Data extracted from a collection
Content starts

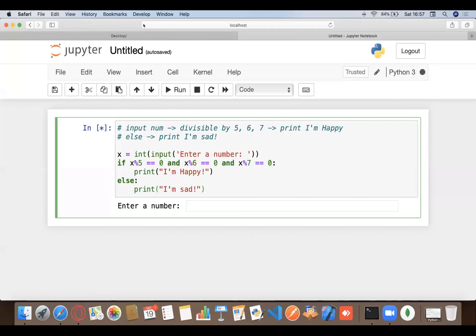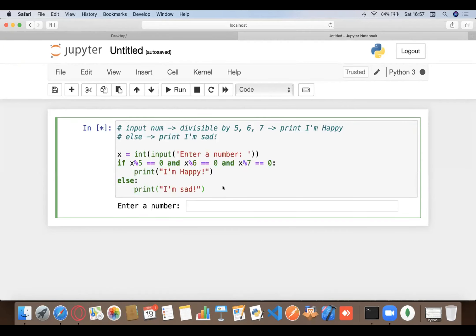Welcome to day three of the Python workshop. We're good to go and participants will be joining in between as well. Please put down your questions in the chat box whenever needed, and we'll just start the session.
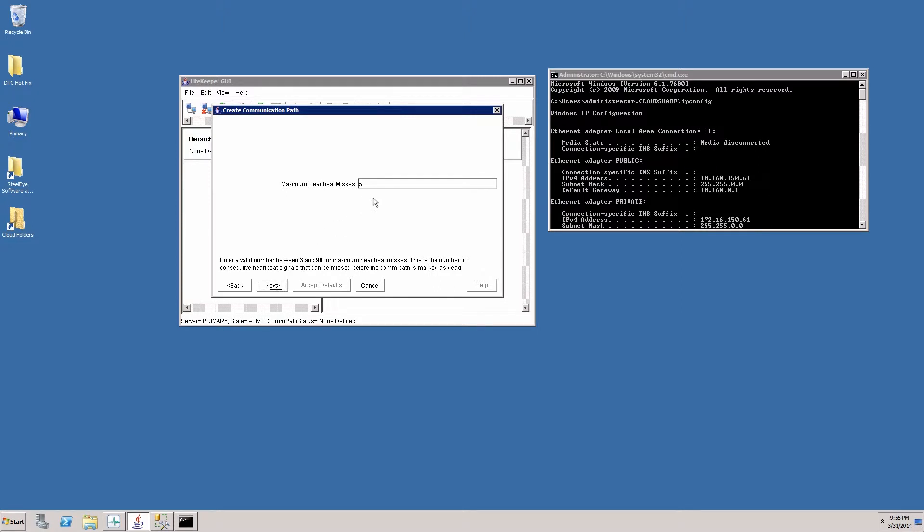And then the maximum heartbeats determines how many heartbeats I can miss before we determine that a failure has occurred. The default is five seconds. So essentially after 30 seconds we will determine that a failure has occurred.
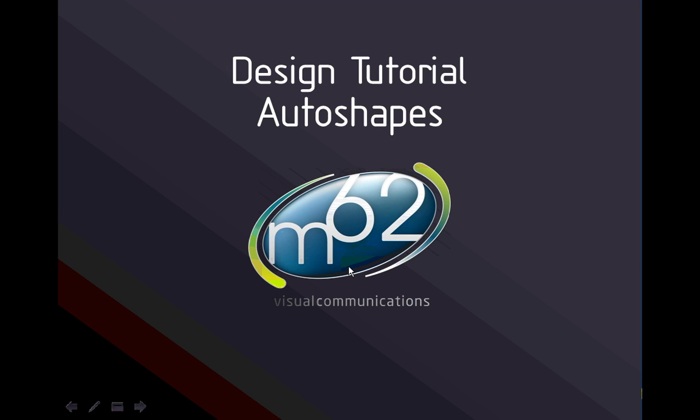In this tutorial, we'll be looking at how to draw shapes on a PowerPoint slide using the Auto Shapes palette. Auto Shapes are literally the building blocks of your slide. They're the shapes you draw and use to create the layout of the slide and the visual elements that you use to explain your message.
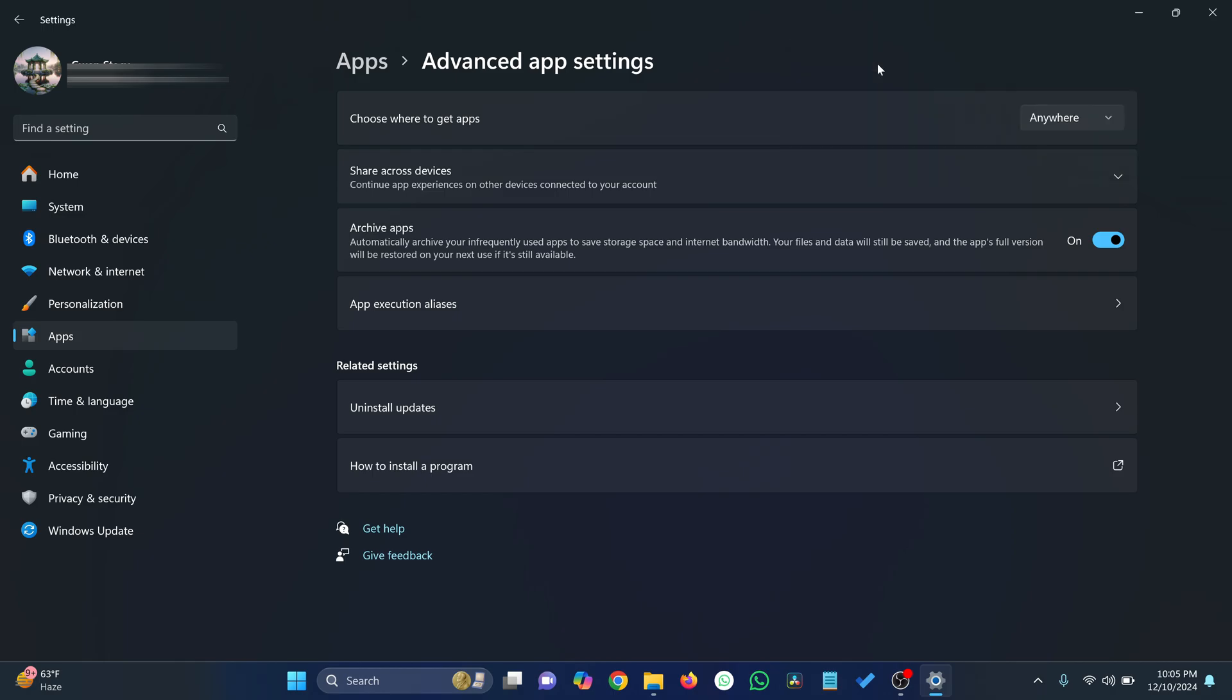Now you've allowed app installations from any source, but there's one more step for apps downloaded from the web or other unverified sources.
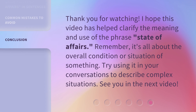Thank you for watching. I hope this video has helped clarify the meaning and use of the phrase 'State of Affairs.' Remember, it's all about the overall condition or situation of something. Try using it in your conversations to describe complex situations. See you in the next video.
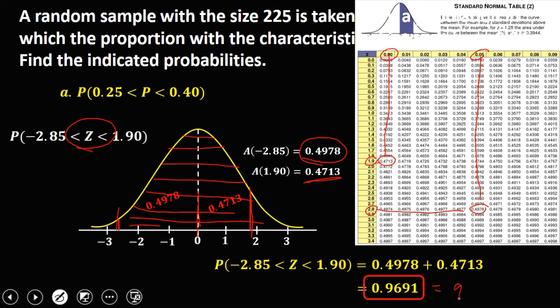In percentage, that is 96.91%. This is the probability.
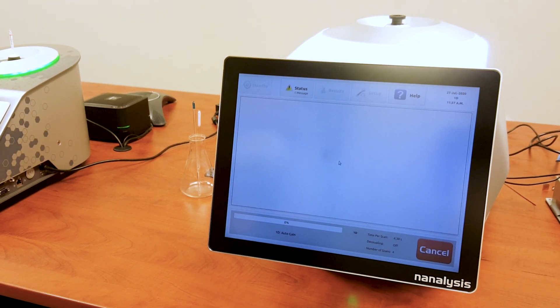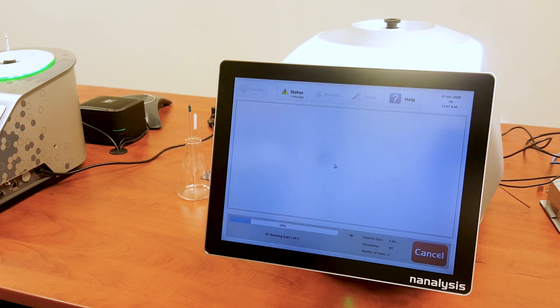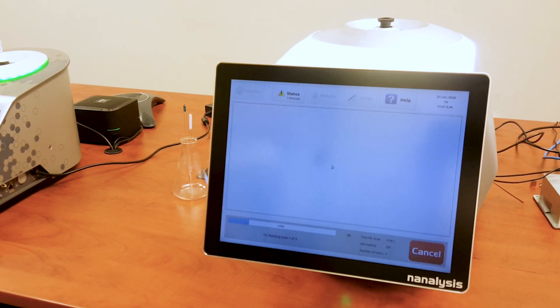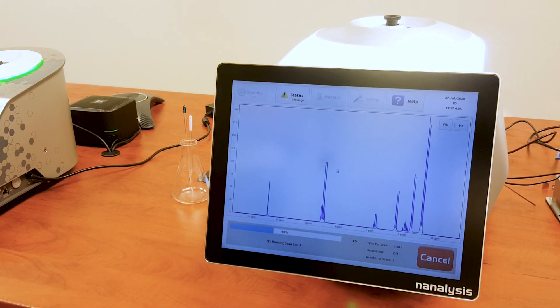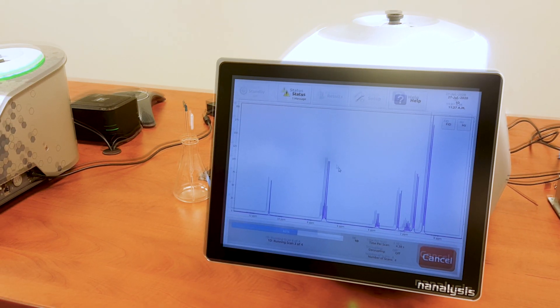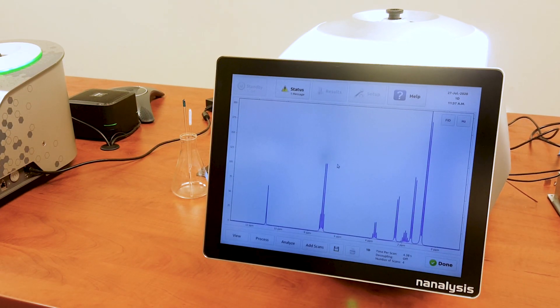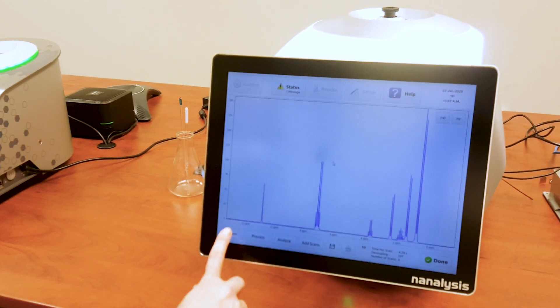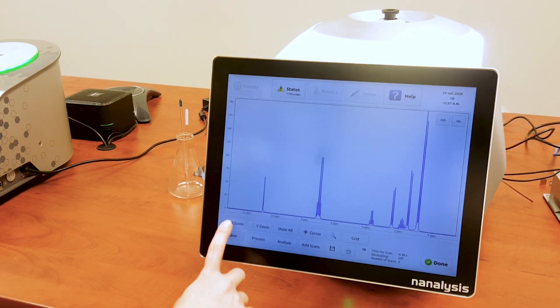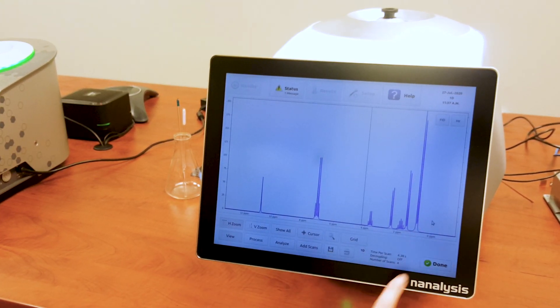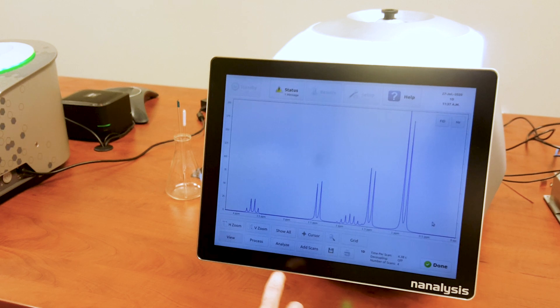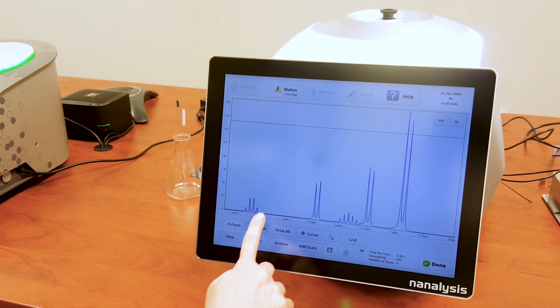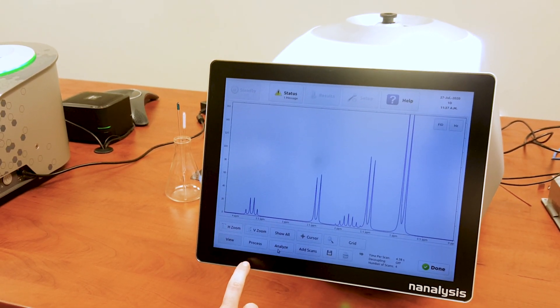The instrument will perform an automatic receiver gain, show the first scan and update every four scans. From here, the user can see the FID, zoom into regions of interest, phase, integrate, and perform baseline corrections very easily.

Content ends

What to work on: Every line from the one that holds "In percentage, that" to the last line of the records above goes into the answer, exactly as written; nothing else does, and no picture does either.

Task solution:
In percentage, that is 96.91%. This is the probability.
The instrument will perform an automatic receiver gain, show the first scan and update every four scans. From here, the user can see the FID, zoom into regions of interest, phase, integrate, and perform baseline corrections very easily.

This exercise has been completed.